The reason you need to ask this question is because federal law generally prohibits such interstate transfers unless they go through an FFL. § 18.2-922(a)(3) says that:
(a) It shall be unlawful—
(3) for any person, other than a licensed importer, licensed manufacturer, licensed dealer, or licensed collector to transport into or receive in the State where he resides (or if the person is a corporation or other business entity, the State where it maintains a place of business) any firearm purchased or otherwise obtained by such person outside that State …
There are certain exceptions such as those for face-to-face transfers of rifles and shotguns as well as for firearms that are temporarily loaned for sporting purposes. But generally, interstate transfers between non-FFL holders is prohibited.
So … how does one go about getting that special gift to Uncle Fred?
Ask Uncle Fred to find a local gun store which charges a reasonable fee for transfers.

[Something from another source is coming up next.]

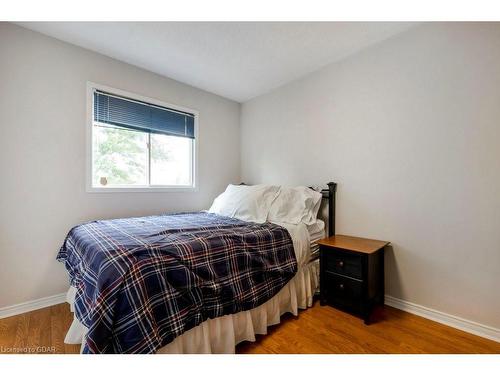 30 Fern Valley Crescent, Brampton, ON - Indoor Photo Showing Bedroom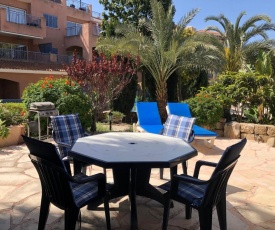 Spacious 2 bed groundfloor apartment in Limnaria Gardens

Have the gun store send you a copy of their FFL.
Ship the firearm to the FFL via common carrier (note that USPS will NOT ship handguns).
Uncle Fred goes to the FFL and picks up the firearm while complying with both federal background check laws as well as any state or local additional requirements.
Apologize to Uncle Fred for it no longer being a surprise but remind him how cool a nephew you are for getting him a firearm as a gift.
Disclaimer: This information is presented for educational purposes only and does not give rise to an attorney-client relationship. Additionally, I am licensed to practice law in the Commonwealth of Virginia and this answer may not be appropriate for other states.